Example 2: An electing entity underpays its estimated taxes and pays the balance due with the PTET return.
In 2022, an electing entity makes estimated payments of $80,000 for the 2022 PTET year. On March 15, 2023, the taxpayer files its 2022 PTET return and computes actual PTET due of $100,000. The $20,000 underpayment is paid with the return. $100,000 is allocated to the eligible partners or shareholders as PTET credits. The additional $20,000 payment is treated as a deductible payment for the electing entity for federal purposes in 2023.
The eligible partners or shareholders must add back, on their 2022 IT-225s, their share of $100,000 under § 612(b)(43). Nothing is added back for tax year 2022 under § 612(b)(3) by either the partners or shareholders or by the entity.
Example 3: An electing entity underpays its estimated taxes and pays the balance due with the PTET return.
In 2022, an electing entity makes estimated payments of $80,000 for the 2022 PTET year. On March 15, 2023, the taxpayer files its 2022 PTET return and computes actual PTET due of $100,000. The $20,000 underpayment is paid with the return. $100,000 is allocated to the eligible partners or shareholders as PTET credits. The additional $20,000 payment is treated as a deductible payment by the electing entity for federal purposes in 2023. Additionally, in 2023, the entity makes $50,000 in estimated PTET payments for 2023. The entity claims a total federal tax deduction for 2023 of $70,000.

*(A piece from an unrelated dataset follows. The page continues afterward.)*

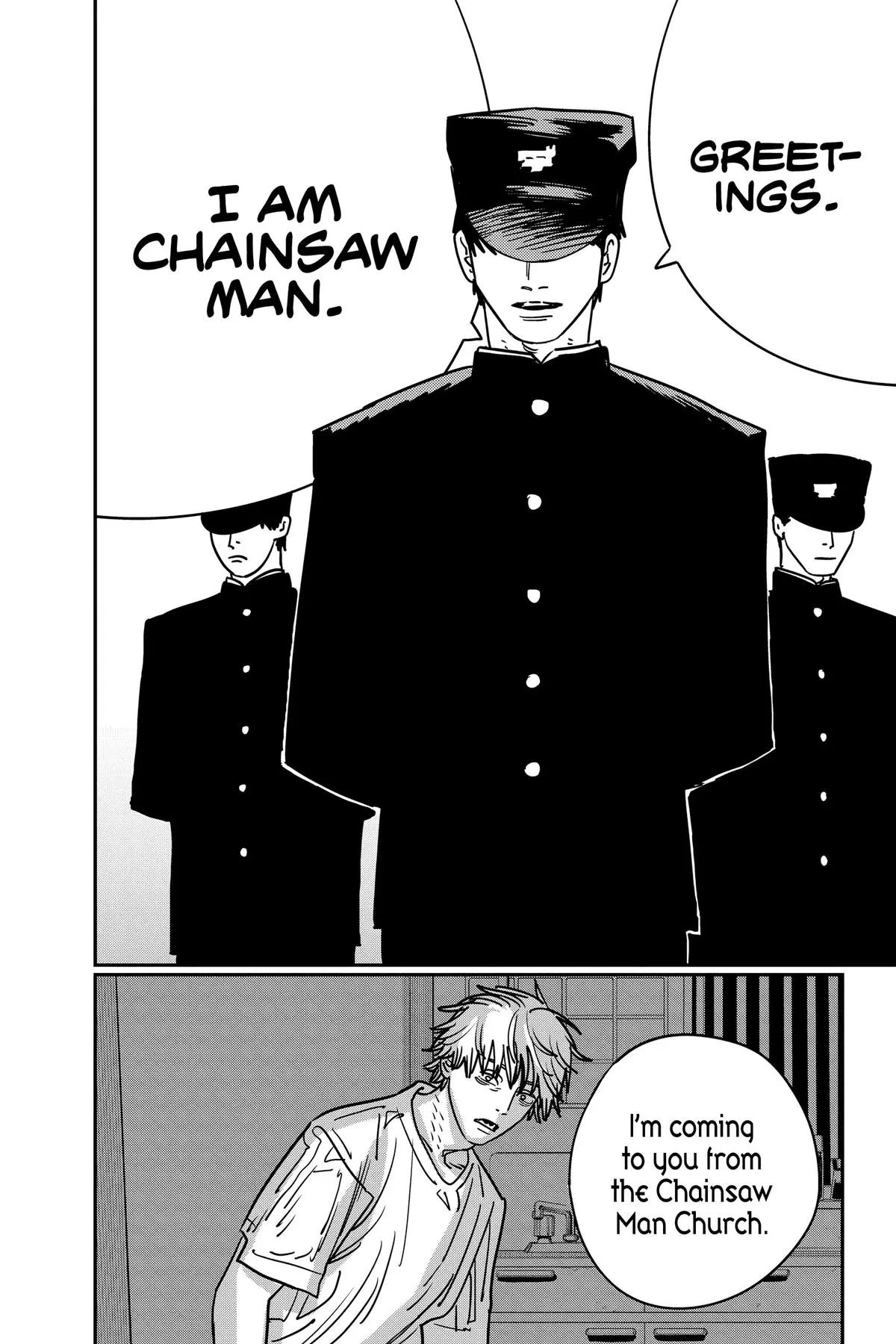 Chainsaw Man Chapter 134 - Page 21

On March 15, 2024, the entity files its 2023 PTET return and computes actual PTET due of $50,000. No refunds are issued and no additional payments are made with the return. $50,000 is allocated to the partners or shareholders as 2023 PTET credits.
The eligible partners or shareholders must add back, on their 2023 IT-225s, $50,000 under § 612(b)(43). Nothing is added back for 2023 under § 612(b)(3) by either the partners or shareholders or by the entity, since the $20,000 additional payment for 2022 was added back on the 2022 Article 22 tax returns under § 612(b)(43).
What pass-through entity taxes paid to other states must be added back on an individual's IT-225?
All pass-through entity taxes paid by an electing entity to taxing jurisdictions other than New York on behalf of partners, members or shareholders must be added back at the individual level. Any tax paid for which a Resident Tax Credit (RTC) is claimed must be added back on the individual’s IT-225 under § 612(b)(43) using modification code A-220. Any remaining deductions must be added back under § 612(b)(3) using modification code A-201.
The entity must provide each partner, member, or shareholder a statement including the individual’s share of all taxes paid to each taxing jurisdiction other than New York on behalf of the Article 22 taxpayer. These taxpayers must use this information to determine the proper modifications on their IT-225s.
What pass-through entity taxes are added back when the electing entity computes PTE taxable income?
For PTE taxable income computation purposes only, an entity must add back all pass-through entity taxes paid and deducted for federal purposes in the current year, including taxes paid to New York or to other jurisdictions.
If an entity opts in to the pass-through entity tax (PTET), but does not owe any PTET, does it need to file a return?
Yes, any entity that opts in to PTET must file an annual return for the PTET year, even if the entity does not owe any PTET for the year.
If an entity overpays its PTET estimated payments, how can it receive a refund?
Any entity that overpays its PTET payments can request a refund on its annual return.
If an entity files IT-370-PF, Application for Automatic Extension of Time to File for Partnerships and Fiduciaries, or CT-5.4, Request for Six-Month Extension to File New York S Corporation Franchise Tax Return, does that provide an extension of time to file a PTET annual return?
No, the PTET deadline may only be extended by filing an online Extension of Time to File Annual PTET Return using the taxpayer’s online services account by March 15 following the close of the PTET year.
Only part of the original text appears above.